======== PROVIDED INFORMATION ========

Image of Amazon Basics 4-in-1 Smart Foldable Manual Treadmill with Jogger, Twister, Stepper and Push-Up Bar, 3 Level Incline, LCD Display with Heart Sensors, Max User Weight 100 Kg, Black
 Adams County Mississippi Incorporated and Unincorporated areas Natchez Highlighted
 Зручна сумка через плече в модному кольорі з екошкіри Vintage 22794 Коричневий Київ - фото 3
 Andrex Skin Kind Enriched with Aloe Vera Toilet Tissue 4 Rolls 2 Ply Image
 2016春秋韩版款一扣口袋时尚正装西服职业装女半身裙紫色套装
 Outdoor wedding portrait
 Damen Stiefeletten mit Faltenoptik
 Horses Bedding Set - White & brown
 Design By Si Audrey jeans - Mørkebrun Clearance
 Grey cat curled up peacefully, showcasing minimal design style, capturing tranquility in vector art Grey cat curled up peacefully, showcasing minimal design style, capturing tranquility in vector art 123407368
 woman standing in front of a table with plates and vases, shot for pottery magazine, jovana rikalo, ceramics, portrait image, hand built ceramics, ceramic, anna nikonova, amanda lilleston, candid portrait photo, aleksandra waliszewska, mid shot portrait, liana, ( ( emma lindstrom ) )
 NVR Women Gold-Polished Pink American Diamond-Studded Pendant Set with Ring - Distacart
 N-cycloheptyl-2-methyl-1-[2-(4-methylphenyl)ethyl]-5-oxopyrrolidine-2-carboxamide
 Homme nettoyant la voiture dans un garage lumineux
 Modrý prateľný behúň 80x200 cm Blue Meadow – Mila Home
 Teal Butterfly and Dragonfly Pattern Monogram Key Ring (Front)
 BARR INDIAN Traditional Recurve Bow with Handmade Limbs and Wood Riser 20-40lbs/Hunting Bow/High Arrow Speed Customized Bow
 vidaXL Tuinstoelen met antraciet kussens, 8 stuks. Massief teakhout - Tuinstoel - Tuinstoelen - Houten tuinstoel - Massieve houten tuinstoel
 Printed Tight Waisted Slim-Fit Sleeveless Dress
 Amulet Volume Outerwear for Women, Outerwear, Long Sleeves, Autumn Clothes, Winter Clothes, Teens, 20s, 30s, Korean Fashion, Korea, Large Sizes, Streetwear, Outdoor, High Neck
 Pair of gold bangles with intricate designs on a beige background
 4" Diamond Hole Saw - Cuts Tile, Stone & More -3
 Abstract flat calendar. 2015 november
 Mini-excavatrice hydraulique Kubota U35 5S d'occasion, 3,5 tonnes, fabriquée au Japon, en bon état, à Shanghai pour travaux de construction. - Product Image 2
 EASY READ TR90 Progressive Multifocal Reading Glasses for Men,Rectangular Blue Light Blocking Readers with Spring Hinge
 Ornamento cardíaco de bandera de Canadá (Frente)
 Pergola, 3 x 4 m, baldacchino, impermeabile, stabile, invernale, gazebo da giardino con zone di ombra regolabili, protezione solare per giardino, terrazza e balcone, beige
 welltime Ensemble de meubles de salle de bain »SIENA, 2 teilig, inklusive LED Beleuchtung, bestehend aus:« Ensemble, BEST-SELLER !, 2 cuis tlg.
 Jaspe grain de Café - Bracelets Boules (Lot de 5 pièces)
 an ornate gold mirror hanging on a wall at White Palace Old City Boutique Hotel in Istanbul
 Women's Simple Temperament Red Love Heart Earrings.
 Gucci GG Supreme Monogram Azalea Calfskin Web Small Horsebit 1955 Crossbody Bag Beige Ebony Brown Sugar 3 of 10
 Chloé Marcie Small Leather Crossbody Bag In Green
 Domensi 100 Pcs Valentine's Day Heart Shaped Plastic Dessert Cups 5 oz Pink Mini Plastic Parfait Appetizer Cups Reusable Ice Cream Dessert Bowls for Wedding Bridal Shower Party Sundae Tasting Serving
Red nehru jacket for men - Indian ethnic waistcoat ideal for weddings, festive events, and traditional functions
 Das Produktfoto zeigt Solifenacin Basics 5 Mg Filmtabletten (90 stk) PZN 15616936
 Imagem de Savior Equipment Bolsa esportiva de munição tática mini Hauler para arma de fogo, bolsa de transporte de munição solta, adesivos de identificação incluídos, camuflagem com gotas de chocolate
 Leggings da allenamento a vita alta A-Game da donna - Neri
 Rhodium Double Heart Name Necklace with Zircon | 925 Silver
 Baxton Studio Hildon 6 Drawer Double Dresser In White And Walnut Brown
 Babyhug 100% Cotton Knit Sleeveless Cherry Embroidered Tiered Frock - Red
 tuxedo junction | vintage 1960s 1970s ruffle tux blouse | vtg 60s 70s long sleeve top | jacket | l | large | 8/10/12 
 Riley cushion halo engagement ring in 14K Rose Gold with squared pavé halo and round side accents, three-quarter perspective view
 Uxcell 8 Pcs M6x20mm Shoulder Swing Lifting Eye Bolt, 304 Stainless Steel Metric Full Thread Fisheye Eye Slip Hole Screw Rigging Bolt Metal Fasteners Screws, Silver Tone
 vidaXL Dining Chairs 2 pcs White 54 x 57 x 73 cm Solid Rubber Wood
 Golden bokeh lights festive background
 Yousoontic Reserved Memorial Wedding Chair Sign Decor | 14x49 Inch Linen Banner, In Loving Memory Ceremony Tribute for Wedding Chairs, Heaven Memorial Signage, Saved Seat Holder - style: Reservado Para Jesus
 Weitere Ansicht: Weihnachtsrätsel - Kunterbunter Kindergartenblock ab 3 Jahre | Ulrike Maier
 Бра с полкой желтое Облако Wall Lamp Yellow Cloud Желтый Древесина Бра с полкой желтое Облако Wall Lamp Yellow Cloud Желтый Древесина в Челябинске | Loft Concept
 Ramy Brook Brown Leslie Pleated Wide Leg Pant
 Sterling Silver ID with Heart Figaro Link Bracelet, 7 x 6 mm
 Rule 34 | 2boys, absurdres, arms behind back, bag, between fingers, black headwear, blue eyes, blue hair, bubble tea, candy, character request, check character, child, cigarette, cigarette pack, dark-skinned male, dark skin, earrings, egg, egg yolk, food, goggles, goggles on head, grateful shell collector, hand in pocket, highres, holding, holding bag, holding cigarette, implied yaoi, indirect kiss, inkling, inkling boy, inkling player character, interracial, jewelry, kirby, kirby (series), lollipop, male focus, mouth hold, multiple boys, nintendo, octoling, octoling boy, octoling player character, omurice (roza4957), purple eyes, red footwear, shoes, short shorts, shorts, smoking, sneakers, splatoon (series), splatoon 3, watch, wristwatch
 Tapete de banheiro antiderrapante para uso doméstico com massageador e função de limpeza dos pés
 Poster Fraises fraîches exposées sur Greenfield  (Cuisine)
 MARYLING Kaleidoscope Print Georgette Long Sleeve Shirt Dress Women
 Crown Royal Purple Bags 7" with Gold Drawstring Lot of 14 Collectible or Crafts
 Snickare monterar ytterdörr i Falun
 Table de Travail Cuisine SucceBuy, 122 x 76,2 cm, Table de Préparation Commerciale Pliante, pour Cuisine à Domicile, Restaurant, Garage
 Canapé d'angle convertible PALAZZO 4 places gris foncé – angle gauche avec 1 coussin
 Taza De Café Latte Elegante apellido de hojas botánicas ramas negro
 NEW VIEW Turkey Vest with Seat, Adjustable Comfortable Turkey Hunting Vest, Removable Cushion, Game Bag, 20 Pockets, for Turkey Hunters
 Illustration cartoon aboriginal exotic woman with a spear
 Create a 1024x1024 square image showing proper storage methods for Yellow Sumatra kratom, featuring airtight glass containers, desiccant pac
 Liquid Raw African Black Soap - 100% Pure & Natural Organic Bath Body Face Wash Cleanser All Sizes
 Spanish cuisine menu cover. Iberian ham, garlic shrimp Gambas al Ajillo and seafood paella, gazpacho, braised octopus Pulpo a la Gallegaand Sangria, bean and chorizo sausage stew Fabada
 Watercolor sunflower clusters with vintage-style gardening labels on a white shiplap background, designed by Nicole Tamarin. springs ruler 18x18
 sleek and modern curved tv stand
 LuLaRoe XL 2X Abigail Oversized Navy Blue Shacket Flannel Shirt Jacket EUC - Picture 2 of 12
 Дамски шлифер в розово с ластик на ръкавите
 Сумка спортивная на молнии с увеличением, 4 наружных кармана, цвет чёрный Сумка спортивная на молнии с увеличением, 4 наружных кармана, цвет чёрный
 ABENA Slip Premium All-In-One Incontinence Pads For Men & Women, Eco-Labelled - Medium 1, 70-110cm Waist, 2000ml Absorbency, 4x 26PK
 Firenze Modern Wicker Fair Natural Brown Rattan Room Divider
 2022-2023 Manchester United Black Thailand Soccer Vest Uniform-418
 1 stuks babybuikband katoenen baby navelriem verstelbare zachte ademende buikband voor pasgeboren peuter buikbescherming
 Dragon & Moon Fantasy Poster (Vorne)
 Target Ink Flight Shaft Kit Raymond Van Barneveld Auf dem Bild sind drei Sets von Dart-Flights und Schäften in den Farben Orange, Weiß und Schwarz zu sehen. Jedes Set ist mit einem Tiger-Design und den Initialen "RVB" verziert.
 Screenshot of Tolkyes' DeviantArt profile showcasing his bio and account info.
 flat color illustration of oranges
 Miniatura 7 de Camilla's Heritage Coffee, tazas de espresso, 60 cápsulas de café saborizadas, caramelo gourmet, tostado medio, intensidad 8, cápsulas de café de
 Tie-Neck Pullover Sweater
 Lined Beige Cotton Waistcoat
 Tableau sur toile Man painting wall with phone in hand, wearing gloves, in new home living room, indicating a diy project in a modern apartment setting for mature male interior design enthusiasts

========

#### TASK DETAILS:
Print exactly the lines above, between the one holding "Das Produktfoto zeigt" and the one holding "Leggings da allenamento", inclusive, and nothing besides.

#### ANSWER TO THE PROBLEM:
 Das Produktfoto zeigt Solifenacin Basics 5 Mg Filmtabletten (90 stk) PZN 15616936
 Imagem de Savior Equipment Bolsa esportiva de munição tática mini Hauler para arma de fogo, bolsa de transporte de munição solta, adesivos de identificação incluídos, camuflagem com gotas de chocolate
 Leggings da allenamento a vita alta A-Game da donna - Neri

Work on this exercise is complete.